▶ Input data:
■ ■ ■ ■

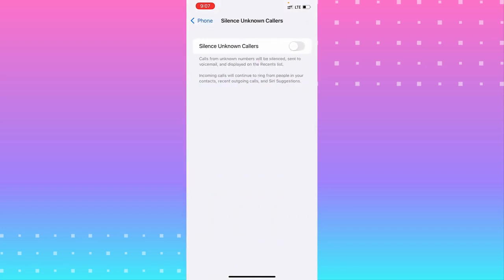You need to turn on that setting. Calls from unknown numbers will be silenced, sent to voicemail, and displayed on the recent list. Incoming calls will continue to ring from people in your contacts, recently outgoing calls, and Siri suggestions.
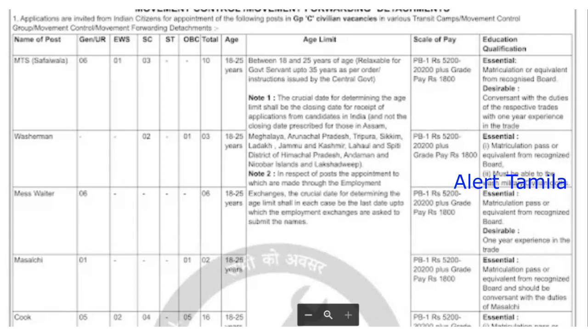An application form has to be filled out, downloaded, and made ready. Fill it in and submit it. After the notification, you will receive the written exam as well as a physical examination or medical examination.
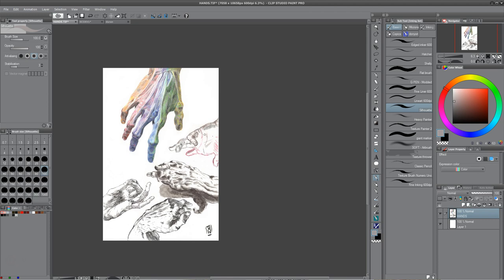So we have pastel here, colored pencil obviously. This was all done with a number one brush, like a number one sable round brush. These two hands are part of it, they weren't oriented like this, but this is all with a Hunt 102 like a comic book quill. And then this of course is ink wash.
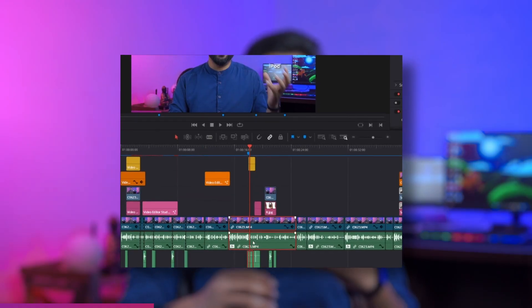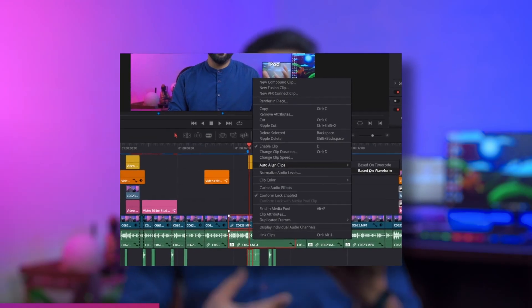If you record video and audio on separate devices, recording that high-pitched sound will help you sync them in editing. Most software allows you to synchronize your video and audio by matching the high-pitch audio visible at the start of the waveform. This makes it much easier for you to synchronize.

■ ■ ■ ■

▶ Exercise aim: Restate all of the material word for word. Keep out every picture.

▶ Written response:
You need to turn on that setting. Calls from unknown numbers will be silenced, sent to voicemail, and displayed on the recent list. Incoming calls will continue to ring from people in your contacts, recently outgoing calls, and Siri suggestions.
An application form has to be filled out, downloaded, and made ready. Fill it in and submit it. After the notification, you will receive the written exam as well as a physical examination or medical examination.
So we have pastel here, colored pencil obviously. This was all done with a number one brush, like a number one sable round brush. These two hands are part of it, they weren't oriented like this, but this is all with a Hunt 102 like a comic book quill. And then this of course is ink wash.
If you record video and audio on separate devices, recording that high-pitched sound will help you sync them in editing. Most software allows you to synchronize your video and audio by matching the high-pitch audio visible at the start of the waveform. This makes it much easier for you to synchronize.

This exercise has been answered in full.